Dia juga meminta agar kampus segera merespons dan menyelesaikan polemik biaya kuliah yang dikeluhkan mahal ini. Hal ini lantaran pihak kampus sejauh ini tidak merespons tuntutan BEM UI, terutama terkait transparansi alasan kenaikan biaya kuliah.
Melki bahkan meminta agar kepala biro Humas UI untuk mundur karena dinilai tidak bisa menjadi penghubung yang baik. Bahkan ada pernyataan dari humas yang disebutnya blunder. "Biro Humas UI mending mundur saja, karena satu pernyataannya luar biasa blunder. Dan Humas UI tidak menunjukkan kapabilitas untuk bisa menjadi narahubung yang baik dari UI dan malah mengeluarkan berita-berita propaganda juga dan seakan menyalahkan keseluruhan mahasiswa UI yang minta keberatan dengan bilang pakai Pajero dan sebagainya," katanya.

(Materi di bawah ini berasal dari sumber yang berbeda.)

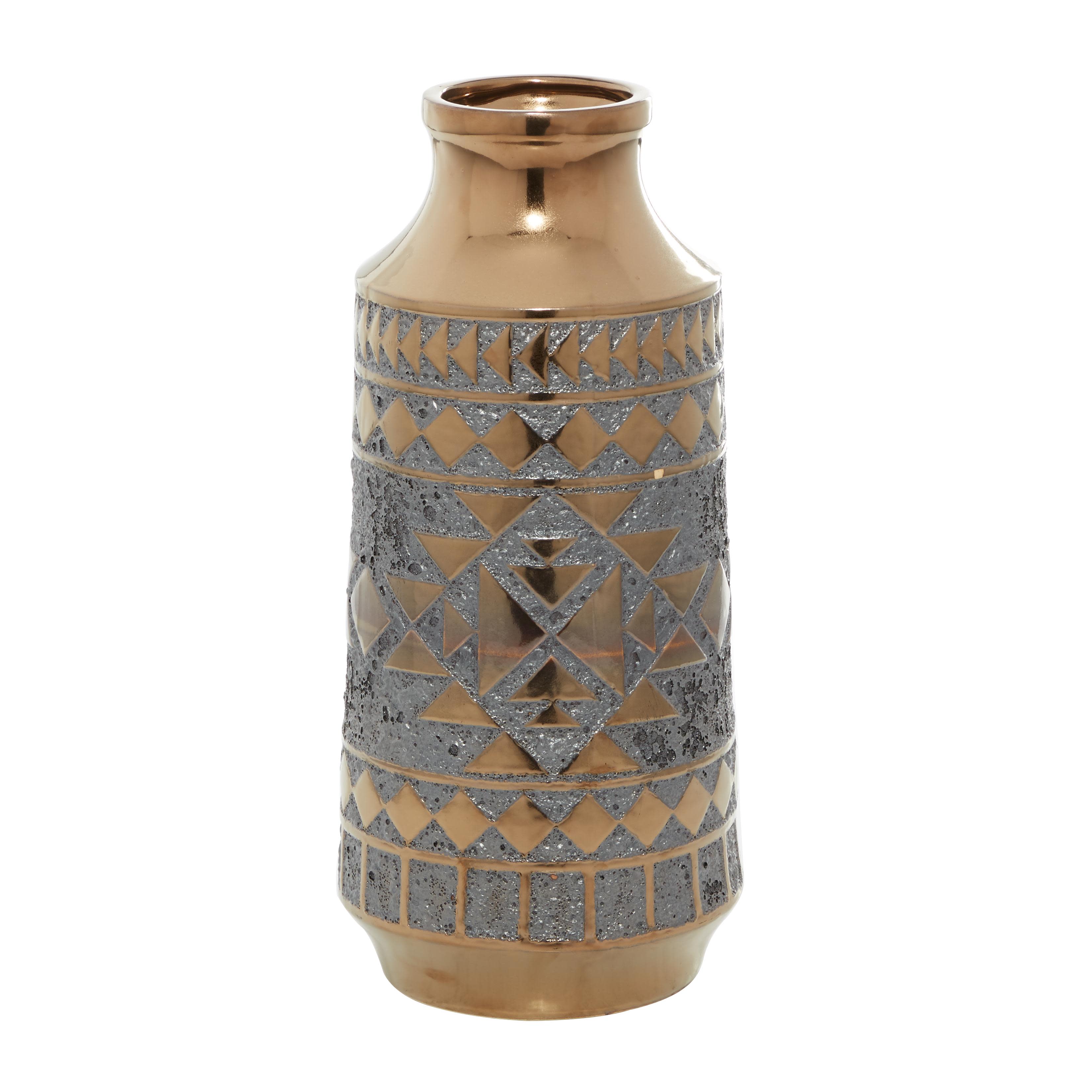 Gold Porcelain Ceramic Tribal Decorative Vase, 8" x 8" x 18"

Dia menjelaskan masalah biaya kuliah di UI yang dikeluhkan mahal berawal dari terbitnya surat keputusan (SK) rektor terkait biaya pendidikan pada awal tahun ini. BEM UI disebutnya telah mencium kemungkinan adanya masalah ke depannya saat itu dan telah beberapa kali minta penjelasan kampus, tapi tidak direspons.
Dia juga menyayangkan tindakan kampus yang tidak melibatkan mahasiswa dalam membuat kebijakan terkait biaya pendidikan ini. Padahal pada tahun-tahun sebelumnya, mahasiswa biasa dilibatkan.

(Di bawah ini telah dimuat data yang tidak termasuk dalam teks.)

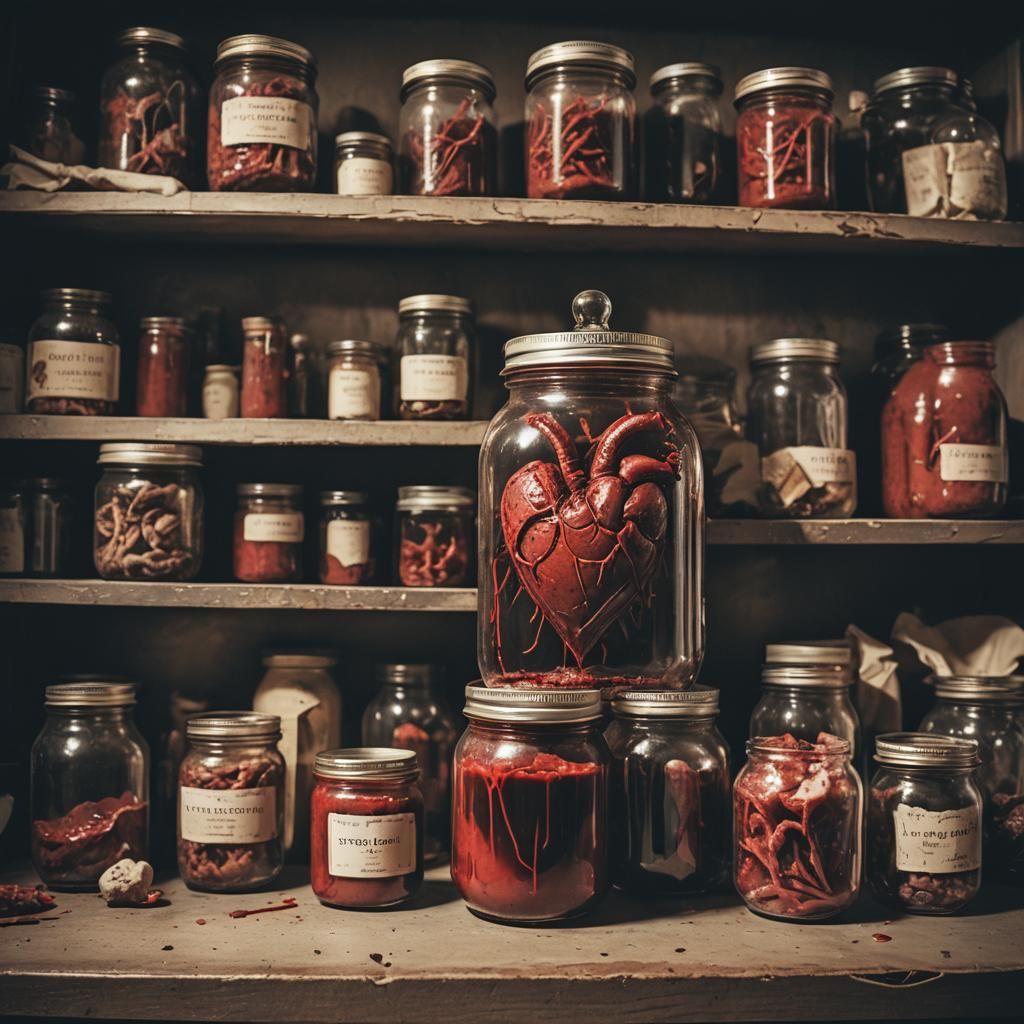 Gruesome Heart Jar: Cinematic Horror Still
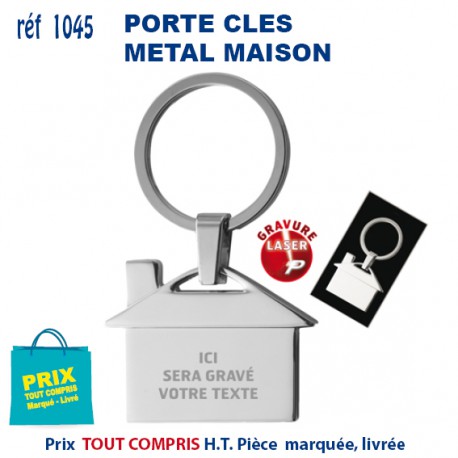 PORTE CLES METAL MAISON REF 1045 G 1045 G PORTE CLES EN METAL  2,57 €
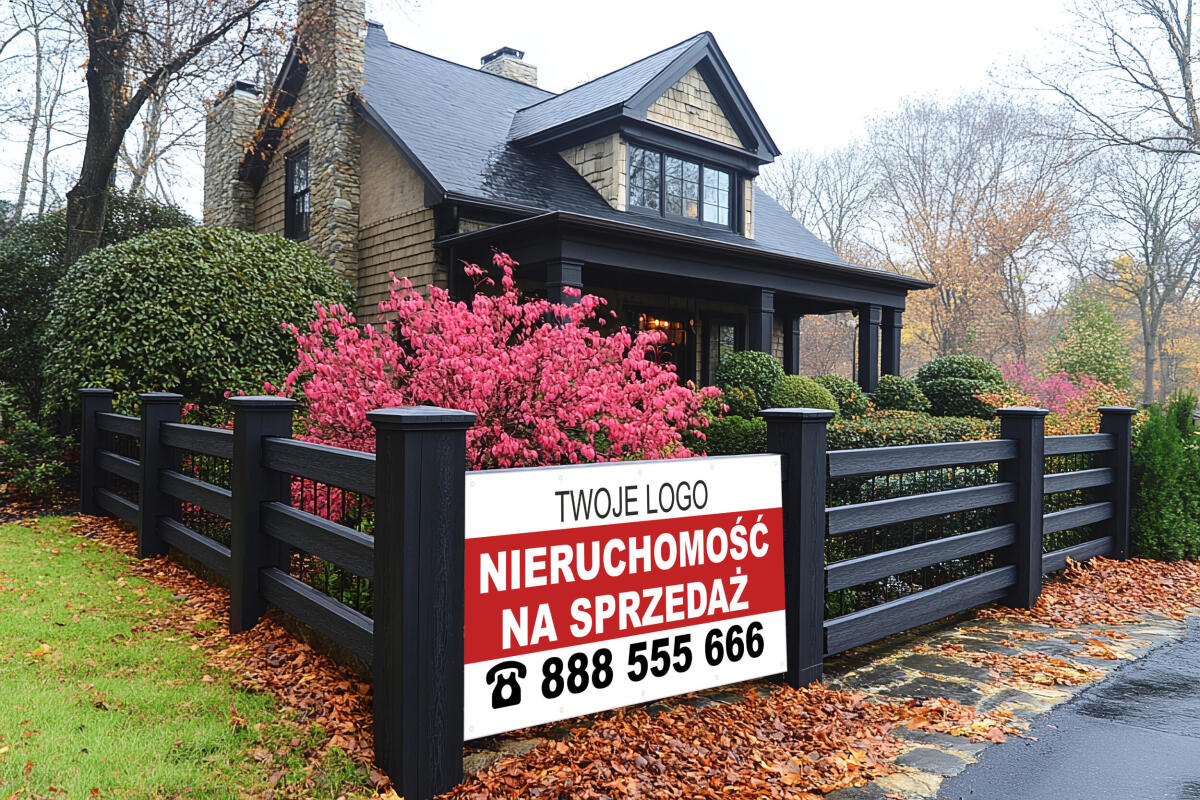 Baner reklamowy SPRZEDAM dla biur i agentów nieruchomości z logo i numerem telefonu 70x140cm - zdjęcie 1
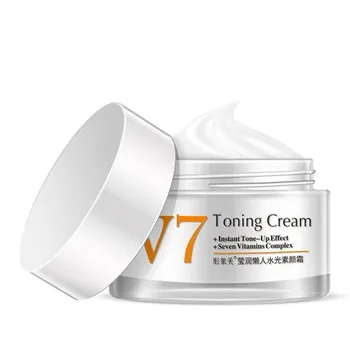 

50ML Lazy Cream V7 Toning Light Moisturizing Brighten Skin Color Concealer Nude Whitening Oil-Control Makeup Face Care Cream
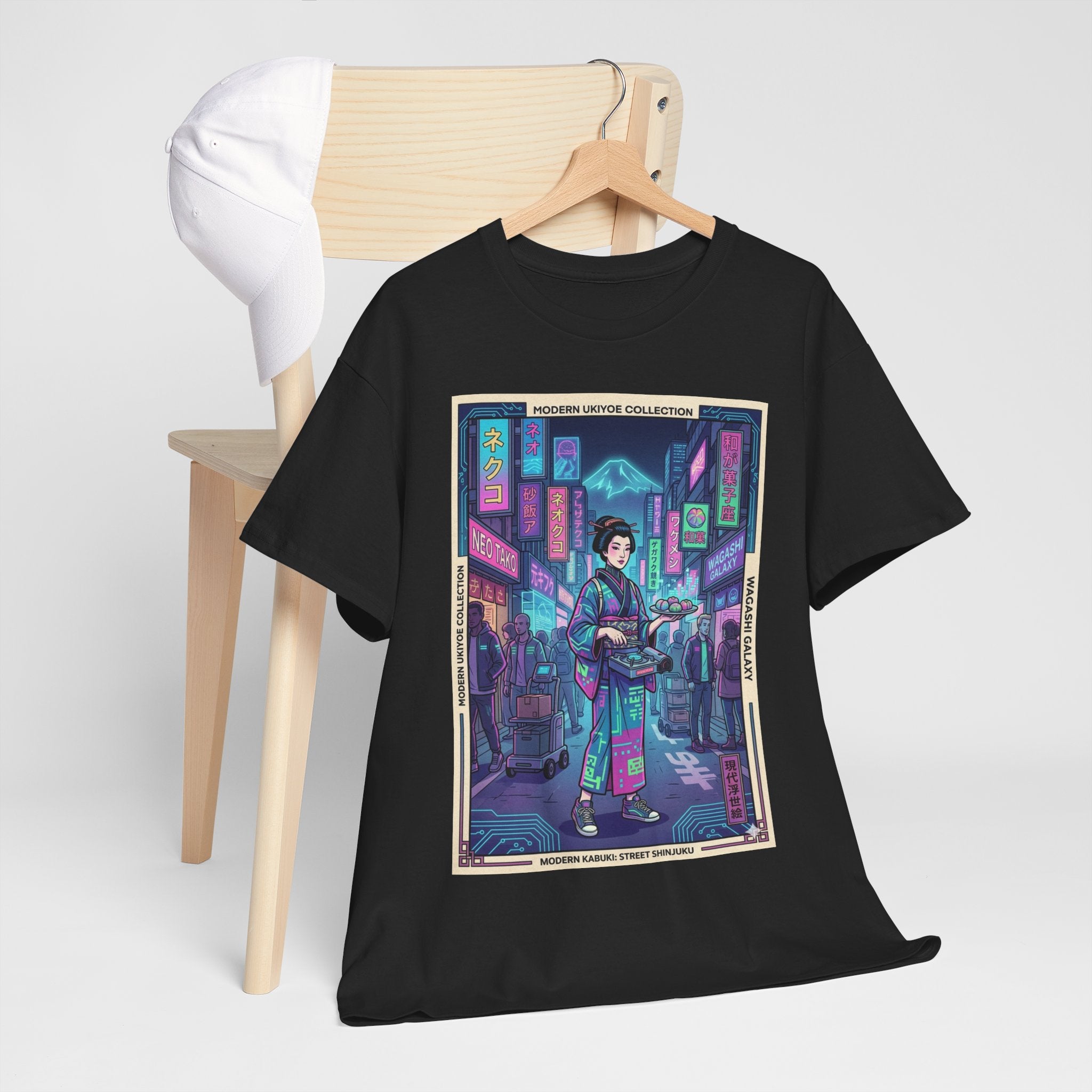 Cyber Geisha Streetwear T‑Shirt — Neon Tokyo Nightscape Graphic Tee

"Direktur keuangan UI juga jadi masalah sampai sekarang tidak pernah beri penjelasan kenapa ada kenaikan, ada tarif baru dan sebagainya. Dan seandainya ada kenaikan, kan kita butuh matriks kenapa kelas segini sekian harganya, kenapa yang itu sekian harganya, agar perdebatannya ilmiah. Nah sampai sekarang kita nggak temukan ketegasan itu," katanya.